Josh Ferguson, Winthrop basketball’s sole senior, ready to make his last run special

Ask Josh Ferguson what people need to know about the Winthrop men’s basketball team this season, and he smiles.

Well, ask him nearly anything, and that’s what the 6-foot-8 forward does. And he has reason to: After all, the sole senior on the Eagles’ roster is embarking on his final run as a college basketball player — and he knows the season could be, collectively and individually, a special one.

“It’s exciting getting ready to go out and make some history,” Ferguson said at the Big South Conference’s media day in Charlotte on Tuesday.

The history he’s referring to is a Big South championship — a feat he hasn’t accomplished since his freshman year.

Since then, of course, a lot has changed: As a sophomore, Ferguson started 26 out of 31 games after starting one in his debut season. As a junior, he carried a similar load in terms of minutes, but he became a more dynamic scorer, averaging 11.3 points per game and proving he could shoot over 40 percent from three in addition to leading the team in rebounds and defending the post.

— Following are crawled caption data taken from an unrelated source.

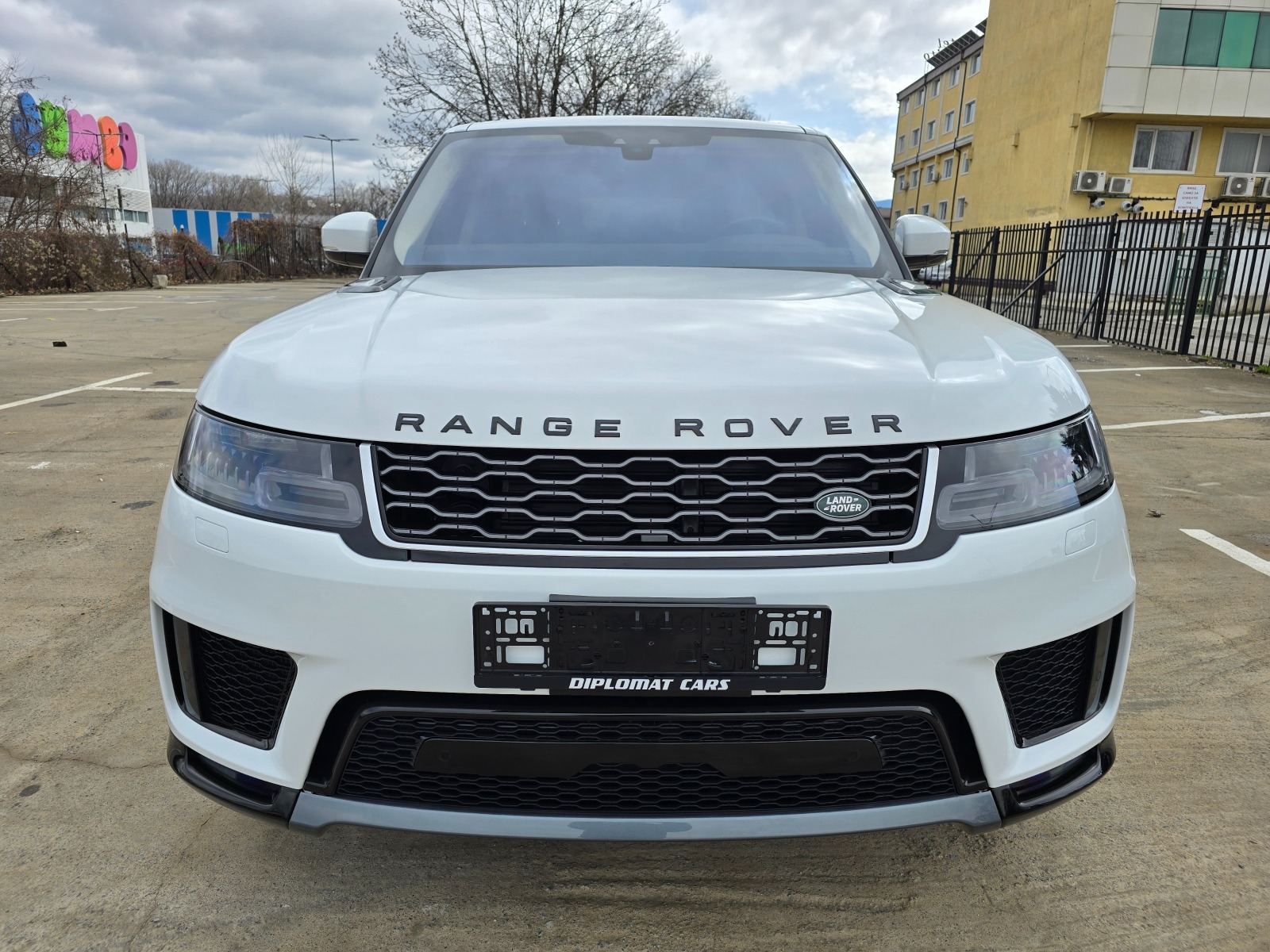 Land Rover Range Rover Sport 3.0 SDV6 HSE DYNAMIC  - [1] 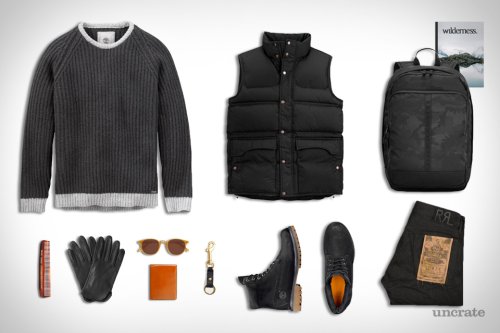 Garb: Carry On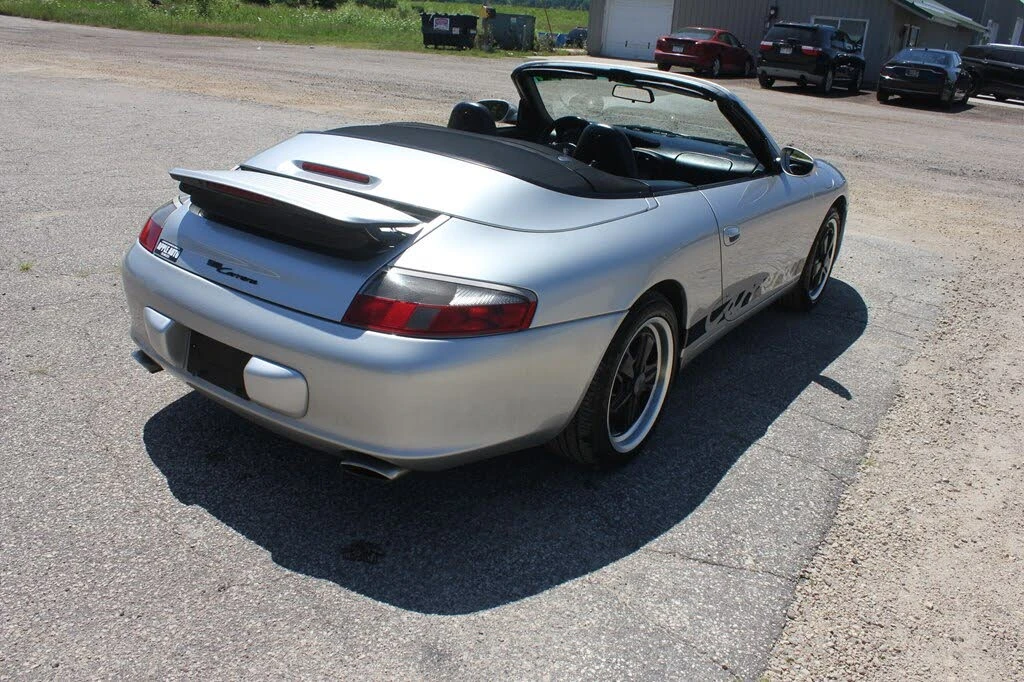 2004 Porsche 996 Carrera - Image 13 of 31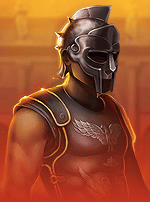 Gladiator Mega Cash Collect-bg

And now, as a senior, he anticipates his role to change again: He’ll still be a vocal leader, an asset as a big who can run the floor in Winthrop’s up-and-down system and someone head coach Pat Kelsey said he’s “really leaning on” in the frontcourt; that said, with the addition of Rock Hill native and University of Tennessee transfer, D.J. Burns, Ferguson anticipates being able to more often operate in space on offense — a prospect he’s excited about.

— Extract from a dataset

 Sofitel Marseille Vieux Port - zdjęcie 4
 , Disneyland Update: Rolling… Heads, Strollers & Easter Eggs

“Having D.J. there takes a load off me,” Ferguson told The Herald at a practice earlier this season. “We have two big guys now, so we can rebound and defend (better) and then, with the offensive mismatches, D.J. and I play really well together, playing off one another.”

He said he and Burns could pose matchup problems Winthrop couldn’t before in his sophomore and junior seasons.

“We could play high-low,” Ferguson said. “I can bring more of an outside touch. He has a really good inside touch. We can kind of play off of that, and most teams don’t have two bigs to match up with us.”

At the conference’s media day, head coach Pat Kelsey sang Ferguson’s praises.

“Josh just has that comfortable way about him,” Kelsey said with a smile at media day. “He’s from the beach, from Miami … That’s just how Josh is. He’s a world class young man. I tell people all the time, he’s the type of kid I’d say ‘buy stock in Josh Ferguson’s future’ because it’s bright.”

Ferguson said that a lot can also be discerned by how his teammates act together once the practice’s final whistle blows. Another smile comes to his face when he talks about how much his teammates love working out together after practice and how much time they spend with each other outside of basketball. (“I’m the best Fortnite player on the team,” he insists.)

Come the end of this season, Ferguson said he wants to play basketball professionally. He’s majoring in business management and aspires to one day run his own company — perhaps one related to fashion.

But those life-after-college-basketball decisions are a Winthrop season away — one that could bear more fruit than any other he’s been a part of.

Said Ferguson with a smile: “We’re going to make it happen this year. We’re going to make it happen.”